● WHAT TO WORK ON:
Please retype all of the entries that follow, leaving the images out.

===== DATASET RECORDS

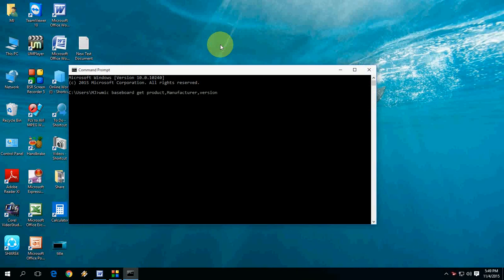And now just paste this code. I have given this code in my video description link, so you can copy this code from there and just paste here and hit Enter. That's it. So here you can see the manufacturer, product, and version showing all these things about your motherboard.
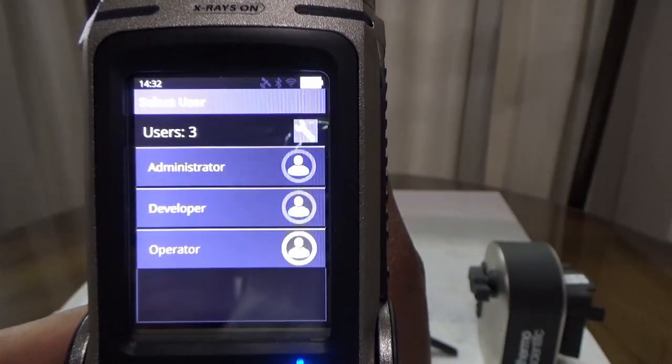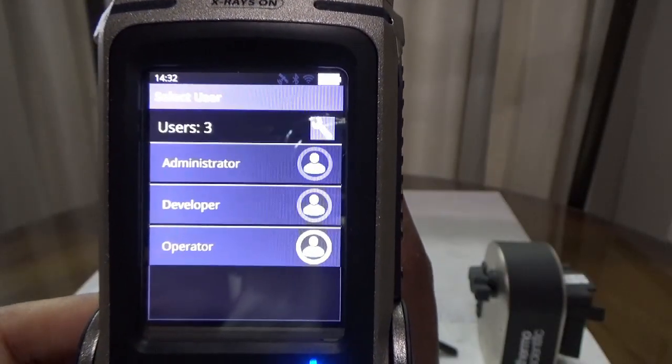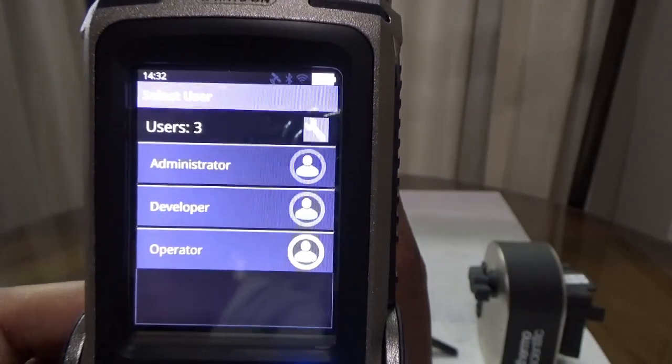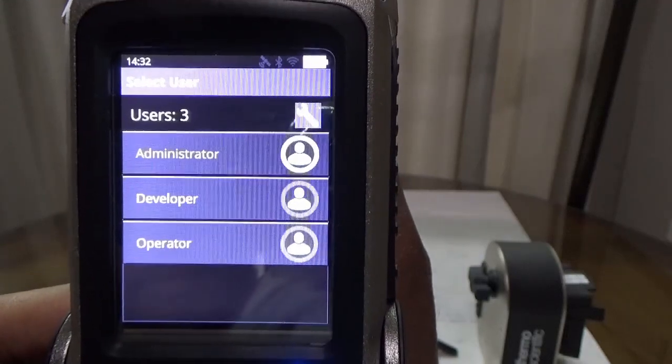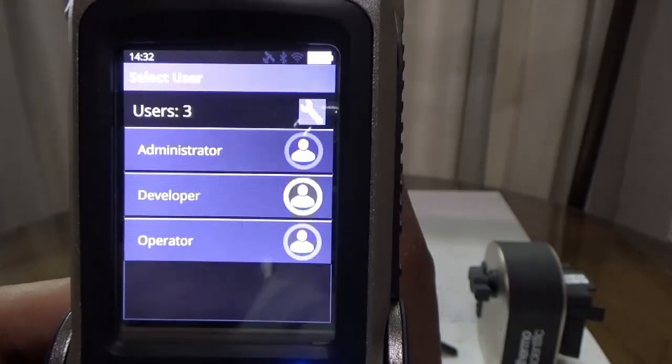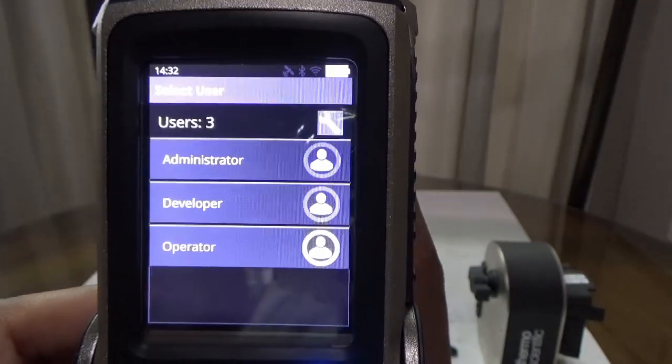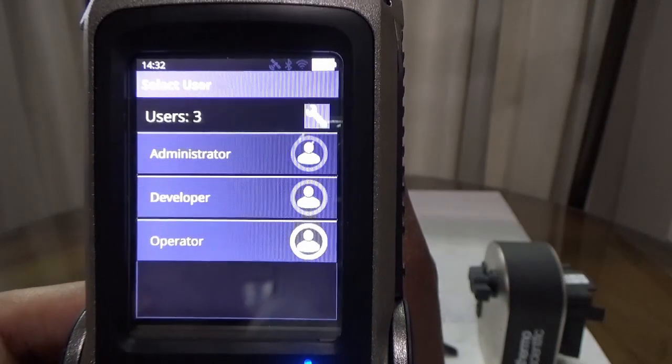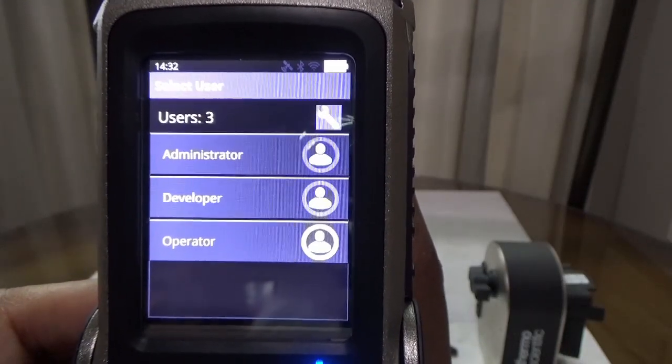IONIC-X has three user access levels: operator, developer, and administrator. The operator level user may only generate data records and sync data to a computer or networked archive destination of choice.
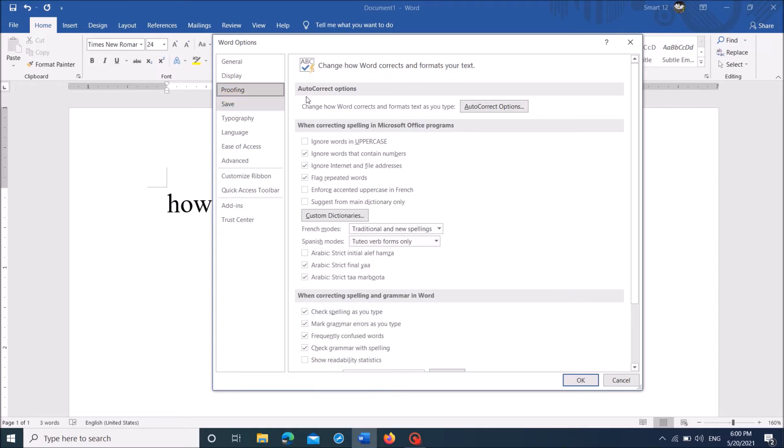Now on the right-hand side, under the title AutoCorrect Options, click on this link.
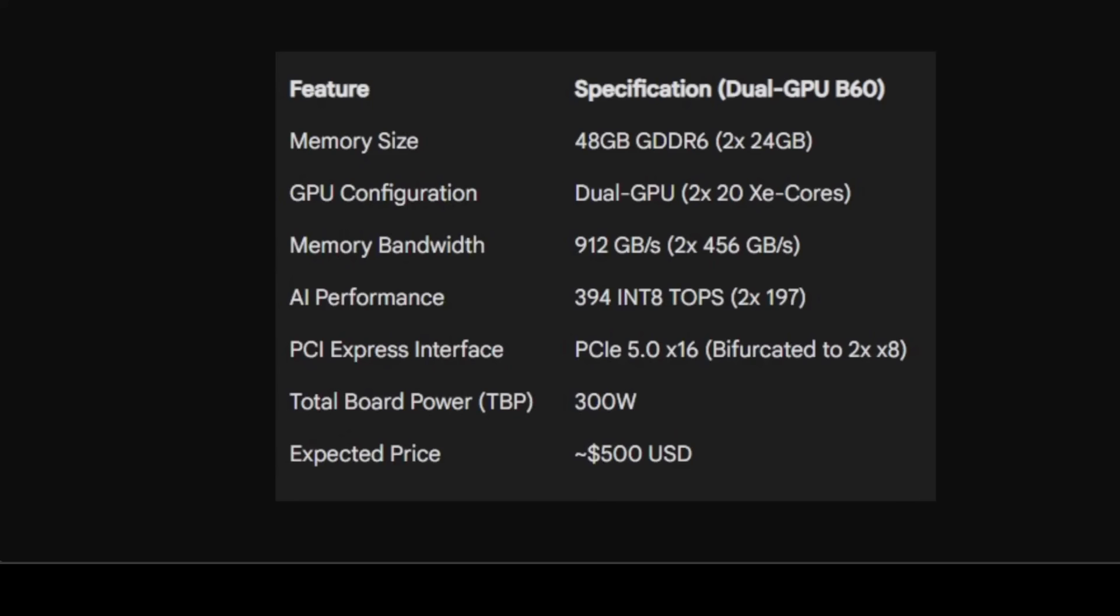But before we get carried away, let's look at these raw specifications. So if you look at this table, this outlines the key features of dual GPU Arc Pro B60, based on the information from various sources as I mentioned earlier. Look at the memory size—this is a headline feature and the number one reason for all the excitement. 48GB of VRAM is massive. It allows you to load and run large, complex AI language models or vision models locally that would otherwise require expensive cloud GPUs or top-of-the-line, multi-thousand-dollar NVIDIA cards.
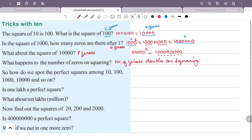So how do we spot the perfect square among 10, 100, 1000, 10,000 and so on? We can see the perfect square here. For example, 10: 10 is a perfect square because that number of trailing zeros is equal to 0 — an even number — so 10 is equal to 1 squared.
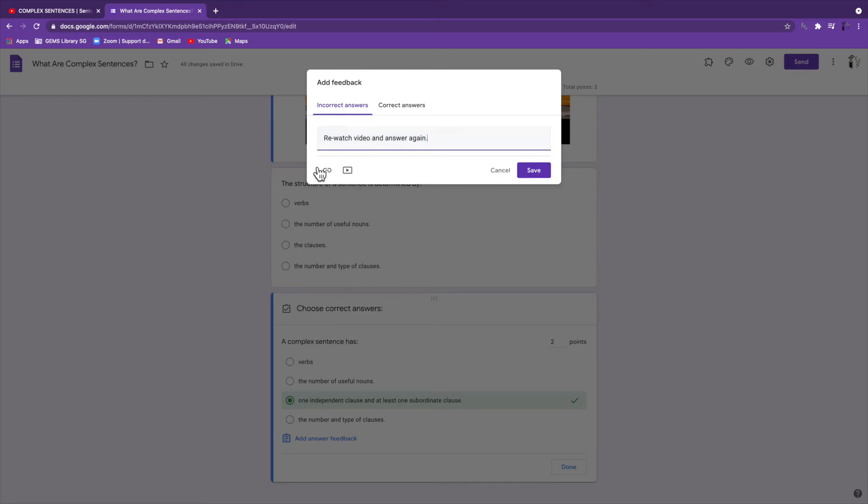Also, please note that if you want, you can add any kind of link to further information. You can add another video for students to watch right there in the feedback section, or you could add more detailed feedback on what you wanted them to do. This, of course, is only an example.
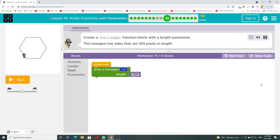Create a draw hexagon function block with a length parameter. This hexagon has sides that are 100 pixels in length.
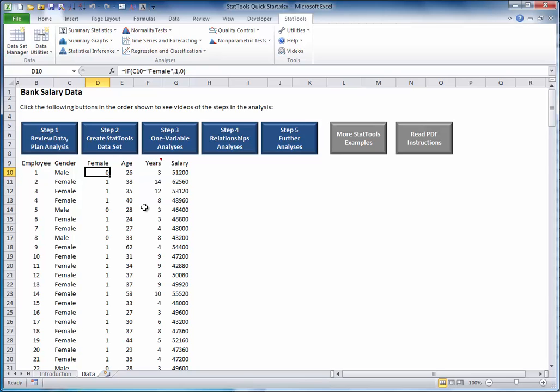By the way, the variable employee in column B is simply an index, so you are unlikely to include it in any statistical analysis.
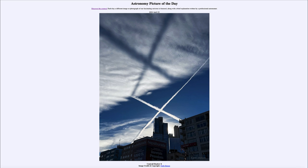That was our picture of the day for April 23rd of 2024, titled Contrail Shadow X. We'll be back again tomorrow for the next picture, previewed to be a star's art — so we'll see what that is about tomorrow. Until then, have a great day, everyone.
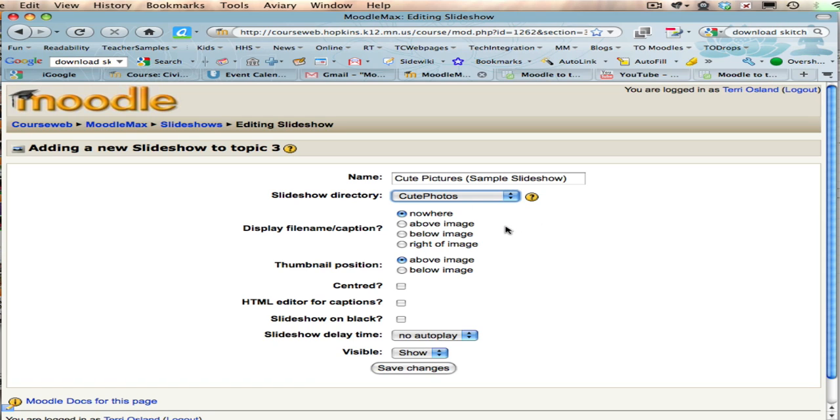I could put a caption for each of the photos. I'm not going to do that this time. There are thumbnails, meaning small versions of each photo. I'm going to put them below the image.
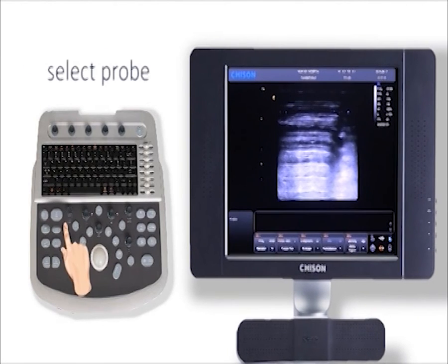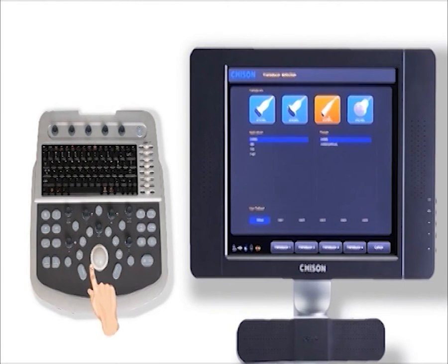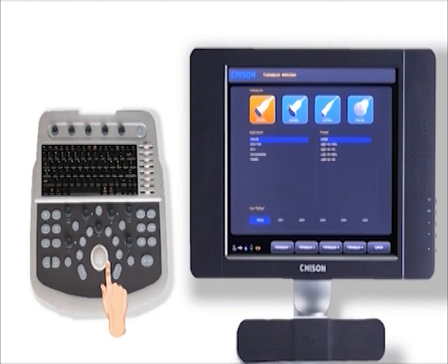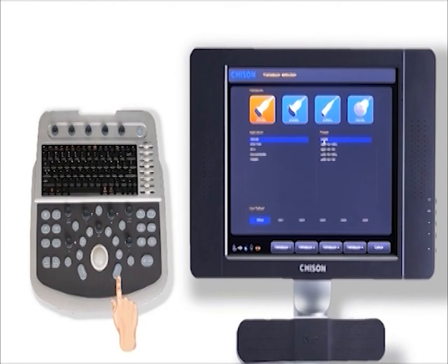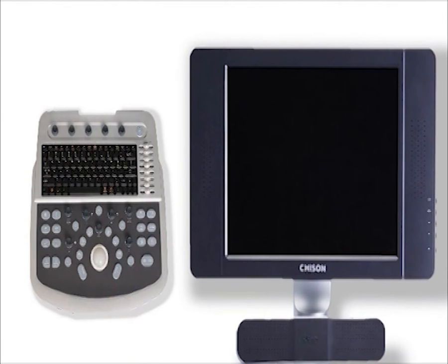Press the probe button to go back to the probe selection screen. Here are all the exams that are available. Roll the trackball to select the right probe, application and preset. Then double-press the enter button to confirm and go to the imaging screen.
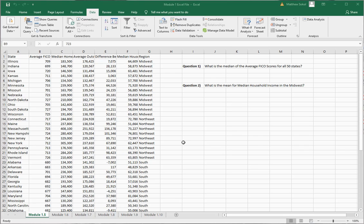I will also attach to where this video is located the Microsoft Excel sheet blank in case you want it to practice, and I'll also attach the Excel sheet with my work so you can see how it's done.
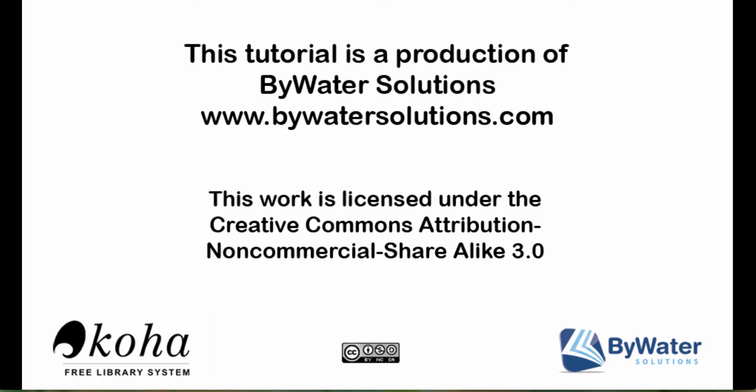My name is Jessica and this tutorial showed us how to set up patron clubs in Koha. This tutorial is a production of Bywater Solutions. To visit more blogs, videos, and information about setting up system preferences in your Koha account, please visit BywaterSolutions.com.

==========

● ANSWER SPACE:
And now just paste this code. I have given this code in my video description link, so you can copy this code from there and just paste here and hit Enter. That's it. So here you can see the manufacturer, product, and version showing all these things about your motherboard.
IONIC-X has three user access levels: operator, developer, and administrator. The operator level user may only generate data records and sync data to a computer or networked archive destination of choice.
Now on the right-hand side, under the title AutoCorrect Options, click on this link.
But before we get carried away, let's look at these raw specifications. So if you look at this table, this outlines the key features of dual GPU Arc Pro B60, based on the information from various sources as I mentioned earlier. Look at the memory size—this is a headline feature and the number one reason for all the excitement. 48GB of VRAM is massive. It allows you to load and run large, complex AI language models or vision models locally that would otherwise require expensive cloud GPUs or top-of-the-line, multi-thousand-dollar NVIDIA cards.
So how do we spot the perfect square among 10, 100, 1000, 10,000 and so on? We can see the perfect square here. For example, 10: 10 is a perfect square because that number of trailing zeros is equal to 0 — an even number — so 10 is equal to 1 squared.
Also, please note that if you want, you can add any kind of link to further information. You can add another video for students to watch right there in the feedback section, or you could add more detailed feedback on what you wanted them to do. This, of course, is only an example.
Create a draw hexagon function block with a length parameter. This hexagon has sides that are 100 pixels in length.
By the way, the variable employee in column B is simply an index, so you are unlikely to include it in any statistical analysis.
That was our picture of the day for April 23rd of 2024, titled Contrail Shadow X. We'll be back again tomorrow for the next picture, previewed to be a star's art — so we'll see what that is about tomorrow. Until then, have a great day, everyone.
I could put a caption for each of the photos. I'm not going to do that this time. There are thumbnails, meaning small versions of each photo. I'm going to put them below the image.
Press the probe button to go back to the probe selection screen. Here are all the exams that are available. Roll the trackball to select the right probe, application and preset. Then double-press the enter button to confirm and go to the imaging screen.
I will also attach to where this video is located the Microsoft Excel sheet blank in case you want it to practice, and I'll also attach the Excel sheet with my work so you can see how it's done.
My name is Jessica and this tutorial showed us how to set up patron clubs in Koha. This tutorial is a production of Bywater Solutions. To visit more blogs, videos, and information about setting up system preferences in your Koha account, please visit BywaterSolutions.com.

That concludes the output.